OmniVLA-RL: A Vision-Language-Action Model with Spatial Understanding and Online RL

arXiv cs.RO / 4/21/2026

📰 NewsDeveloper Stack & InfrastructureModels & Research

Key Points

  • The paper introduces OmniVLA-RL, a new vision-language-action model aimed at improving embodied AI performance despite known issues in spatial perception, multimodal fusion, and reinforcement learning stability.
  • It uses a Mix-of-Transformers (MoT) architecture that combines specialized “reasoning,” “spatial,” and “action” experts to better integrate multimodal information for action selection.
  • To improve action precision and training robustness, the authors propose Flow-GSPO, which reformulates flow matching as an SDE-based process and combines it with Group Segmented Policy Optimization (GSPO).
  • Experiments on the LIBERO and LIBERO-Plus benchmarks show OmniVLA-RL outperforming prior state-of-the-art approaches, addressing core limitations of existing VLA models.
  • Overall, the work advances the design and training pipeline of VLA systems by coupling spatial understanding improvements with more stable online reinforcement learning.

Abstract

Visual-Language-Action (VLA) models represent a paradigm shift in embodied AI, yet existing frameworks often struggle with imprecise spatial perception, suboptimal multimodal fusion, and instability in reinforcement learning.
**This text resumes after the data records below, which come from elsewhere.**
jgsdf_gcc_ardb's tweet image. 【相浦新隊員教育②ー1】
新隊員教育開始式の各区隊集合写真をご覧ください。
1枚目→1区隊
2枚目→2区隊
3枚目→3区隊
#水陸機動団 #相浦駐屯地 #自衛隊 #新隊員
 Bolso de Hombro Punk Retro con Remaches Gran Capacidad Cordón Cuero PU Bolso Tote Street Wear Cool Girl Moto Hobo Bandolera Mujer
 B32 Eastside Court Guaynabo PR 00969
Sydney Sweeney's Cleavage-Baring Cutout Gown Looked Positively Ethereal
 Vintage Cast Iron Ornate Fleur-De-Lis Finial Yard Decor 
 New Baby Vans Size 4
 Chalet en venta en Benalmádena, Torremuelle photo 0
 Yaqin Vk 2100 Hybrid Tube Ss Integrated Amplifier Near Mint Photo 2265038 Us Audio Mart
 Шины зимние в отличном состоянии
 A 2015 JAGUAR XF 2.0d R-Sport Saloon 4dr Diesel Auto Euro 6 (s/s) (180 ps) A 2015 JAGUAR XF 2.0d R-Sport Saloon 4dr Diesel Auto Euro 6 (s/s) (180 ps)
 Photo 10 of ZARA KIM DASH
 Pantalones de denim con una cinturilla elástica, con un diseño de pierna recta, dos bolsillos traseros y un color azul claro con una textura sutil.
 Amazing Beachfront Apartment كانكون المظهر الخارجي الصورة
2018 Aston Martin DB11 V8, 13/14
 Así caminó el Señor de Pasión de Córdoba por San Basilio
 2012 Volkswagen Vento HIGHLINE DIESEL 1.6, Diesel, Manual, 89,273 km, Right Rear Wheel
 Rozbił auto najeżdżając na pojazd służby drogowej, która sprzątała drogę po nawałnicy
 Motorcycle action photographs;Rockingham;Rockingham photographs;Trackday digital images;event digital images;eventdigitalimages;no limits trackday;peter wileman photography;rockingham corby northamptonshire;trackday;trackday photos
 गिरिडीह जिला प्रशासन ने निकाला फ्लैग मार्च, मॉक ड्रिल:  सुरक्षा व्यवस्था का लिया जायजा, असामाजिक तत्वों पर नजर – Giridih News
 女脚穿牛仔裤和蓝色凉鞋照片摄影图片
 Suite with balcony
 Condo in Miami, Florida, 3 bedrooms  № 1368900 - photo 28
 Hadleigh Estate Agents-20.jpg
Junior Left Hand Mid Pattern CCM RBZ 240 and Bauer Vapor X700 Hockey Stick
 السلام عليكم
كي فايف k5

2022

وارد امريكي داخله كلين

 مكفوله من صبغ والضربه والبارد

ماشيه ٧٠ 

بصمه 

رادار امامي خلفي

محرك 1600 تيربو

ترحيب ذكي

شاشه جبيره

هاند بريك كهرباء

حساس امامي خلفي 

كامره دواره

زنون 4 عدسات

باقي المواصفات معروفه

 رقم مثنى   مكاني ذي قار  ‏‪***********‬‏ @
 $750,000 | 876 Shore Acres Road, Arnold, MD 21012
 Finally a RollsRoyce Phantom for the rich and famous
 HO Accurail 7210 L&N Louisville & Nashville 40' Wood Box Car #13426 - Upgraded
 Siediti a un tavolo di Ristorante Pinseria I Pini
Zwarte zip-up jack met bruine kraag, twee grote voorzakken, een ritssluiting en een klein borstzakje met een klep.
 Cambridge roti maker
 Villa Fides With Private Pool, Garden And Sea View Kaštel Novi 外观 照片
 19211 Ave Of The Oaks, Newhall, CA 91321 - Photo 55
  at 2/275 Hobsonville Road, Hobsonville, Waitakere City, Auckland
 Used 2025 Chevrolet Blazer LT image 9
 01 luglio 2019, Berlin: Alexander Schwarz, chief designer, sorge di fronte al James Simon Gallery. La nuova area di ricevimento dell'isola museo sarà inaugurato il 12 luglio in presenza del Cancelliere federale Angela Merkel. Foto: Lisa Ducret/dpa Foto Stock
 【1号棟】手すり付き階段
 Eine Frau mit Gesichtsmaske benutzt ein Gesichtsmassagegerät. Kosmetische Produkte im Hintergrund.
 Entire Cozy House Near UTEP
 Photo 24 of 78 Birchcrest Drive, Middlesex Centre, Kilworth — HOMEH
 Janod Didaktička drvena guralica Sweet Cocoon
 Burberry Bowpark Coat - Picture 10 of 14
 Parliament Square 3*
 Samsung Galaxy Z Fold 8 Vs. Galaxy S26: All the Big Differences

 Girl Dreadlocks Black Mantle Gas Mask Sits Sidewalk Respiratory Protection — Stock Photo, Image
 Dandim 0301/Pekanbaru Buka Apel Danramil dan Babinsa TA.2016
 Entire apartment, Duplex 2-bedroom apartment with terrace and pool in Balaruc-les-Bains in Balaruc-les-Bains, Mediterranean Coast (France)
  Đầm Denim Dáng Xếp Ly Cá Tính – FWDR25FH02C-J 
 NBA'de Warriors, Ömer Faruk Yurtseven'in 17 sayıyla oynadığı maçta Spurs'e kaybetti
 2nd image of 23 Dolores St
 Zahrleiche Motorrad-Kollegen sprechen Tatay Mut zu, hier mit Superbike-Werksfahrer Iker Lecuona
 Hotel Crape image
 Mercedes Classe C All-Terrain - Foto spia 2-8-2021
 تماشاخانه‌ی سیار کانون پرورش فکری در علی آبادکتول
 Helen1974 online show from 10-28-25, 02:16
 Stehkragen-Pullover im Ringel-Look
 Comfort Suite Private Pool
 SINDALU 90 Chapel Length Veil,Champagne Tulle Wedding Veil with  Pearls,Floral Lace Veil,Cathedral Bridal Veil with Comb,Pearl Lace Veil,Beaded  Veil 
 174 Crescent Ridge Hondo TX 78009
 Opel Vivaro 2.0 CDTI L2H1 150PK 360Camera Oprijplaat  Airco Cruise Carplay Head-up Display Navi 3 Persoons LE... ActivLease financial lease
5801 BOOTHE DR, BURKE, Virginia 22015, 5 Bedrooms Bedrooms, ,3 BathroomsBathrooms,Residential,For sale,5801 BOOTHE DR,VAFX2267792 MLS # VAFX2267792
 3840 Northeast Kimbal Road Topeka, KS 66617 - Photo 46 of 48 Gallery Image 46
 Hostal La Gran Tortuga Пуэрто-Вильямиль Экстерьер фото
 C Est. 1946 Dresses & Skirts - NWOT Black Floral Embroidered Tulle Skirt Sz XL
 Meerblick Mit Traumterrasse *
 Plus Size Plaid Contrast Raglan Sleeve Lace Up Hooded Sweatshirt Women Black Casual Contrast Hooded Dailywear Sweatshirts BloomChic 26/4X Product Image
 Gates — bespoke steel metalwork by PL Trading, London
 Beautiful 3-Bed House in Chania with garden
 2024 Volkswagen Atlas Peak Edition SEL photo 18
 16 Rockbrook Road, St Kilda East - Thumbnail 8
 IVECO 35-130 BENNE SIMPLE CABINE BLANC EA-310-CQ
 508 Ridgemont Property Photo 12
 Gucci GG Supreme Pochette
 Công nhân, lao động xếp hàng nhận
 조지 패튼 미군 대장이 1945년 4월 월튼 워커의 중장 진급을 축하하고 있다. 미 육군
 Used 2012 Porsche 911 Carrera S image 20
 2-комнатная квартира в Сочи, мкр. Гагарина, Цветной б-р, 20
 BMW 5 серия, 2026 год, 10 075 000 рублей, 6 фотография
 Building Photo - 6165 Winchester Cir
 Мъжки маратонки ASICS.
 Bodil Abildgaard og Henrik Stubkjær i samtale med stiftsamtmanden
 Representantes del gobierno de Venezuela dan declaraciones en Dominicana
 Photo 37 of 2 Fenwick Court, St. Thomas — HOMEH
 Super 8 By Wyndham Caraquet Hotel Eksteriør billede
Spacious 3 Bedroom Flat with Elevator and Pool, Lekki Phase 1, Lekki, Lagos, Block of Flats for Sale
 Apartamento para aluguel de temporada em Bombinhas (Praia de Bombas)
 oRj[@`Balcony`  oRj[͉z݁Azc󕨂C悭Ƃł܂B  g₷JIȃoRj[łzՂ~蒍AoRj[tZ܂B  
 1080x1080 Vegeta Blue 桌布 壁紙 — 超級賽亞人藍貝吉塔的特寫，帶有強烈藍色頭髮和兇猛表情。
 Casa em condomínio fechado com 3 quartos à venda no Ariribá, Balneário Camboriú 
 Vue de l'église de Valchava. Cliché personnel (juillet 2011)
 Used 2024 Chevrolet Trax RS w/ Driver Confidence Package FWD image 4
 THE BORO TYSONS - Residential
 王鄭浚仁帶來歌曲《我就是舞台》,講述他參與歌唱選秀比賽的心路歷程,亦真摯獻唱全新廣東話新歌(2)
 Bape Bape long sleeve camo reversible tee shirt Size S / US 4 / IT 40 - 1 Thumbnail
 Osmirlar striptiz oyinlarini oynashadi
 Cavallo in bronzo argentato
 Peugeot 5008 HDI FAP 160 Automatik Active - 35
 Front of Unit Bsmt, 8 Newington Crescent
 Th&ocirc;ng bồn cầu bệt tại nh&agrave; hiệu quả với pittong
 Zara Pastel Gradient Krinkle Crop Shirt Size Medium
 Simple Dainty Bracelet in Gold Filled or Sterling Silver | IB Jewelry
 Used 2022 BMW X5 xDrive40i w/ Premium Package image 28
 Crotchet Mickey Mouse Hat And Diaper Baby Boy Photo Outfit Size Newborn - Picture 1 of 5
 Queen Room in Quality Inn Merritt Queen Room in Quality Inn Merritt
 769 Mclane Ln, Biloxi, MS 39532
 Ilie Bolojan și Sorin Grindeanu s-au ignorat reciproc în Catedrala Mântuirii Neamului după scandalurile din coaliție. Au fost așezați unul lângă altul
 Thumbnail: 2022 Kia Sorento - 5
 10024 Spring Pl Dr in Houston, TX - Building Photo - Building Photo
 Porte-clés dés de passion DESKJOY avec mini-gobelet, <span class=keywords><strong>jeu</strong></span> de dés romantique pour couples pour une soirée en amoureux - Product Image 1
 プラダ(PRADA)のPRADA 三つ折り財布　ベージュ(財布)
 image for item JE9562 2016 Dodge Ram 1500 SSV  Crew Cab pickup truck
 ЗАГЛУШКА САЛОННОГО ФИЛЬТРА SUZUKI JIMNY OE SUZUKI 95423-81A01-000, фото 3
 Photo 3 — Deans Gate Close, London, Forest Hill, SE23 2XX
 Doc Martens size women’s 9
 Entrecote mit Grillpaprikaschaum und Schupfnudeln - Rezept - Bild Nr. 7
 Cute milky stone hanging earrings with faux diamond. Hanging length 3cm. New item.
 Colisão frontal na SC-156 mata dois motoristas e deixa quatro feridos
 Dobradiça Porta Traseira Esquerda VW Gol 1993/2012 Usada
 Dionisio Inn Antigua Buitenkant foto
To bridge these gaps, we propose OmniVLA-RL, a novel architecture that leverages a Mix-of-Transformers (MoT) design to synergistically integrate reasoning, spatial, and action experts. Furthermore, we introduce Flow-GSPO, which reformulates flow matching as a Stochastic Differential Equation (SDE) process and integrates it with Group Segmented Policy Optimization (GSPO) to enhance action precision and training robustness. Extensive evaluations on the LIBERO and LIBERO-Plus benchmarks demonstrate that OmniVLA-RL significantly outperforms state-of-the-art methods, effectively overcoming the fundamental limitations of current VLA models.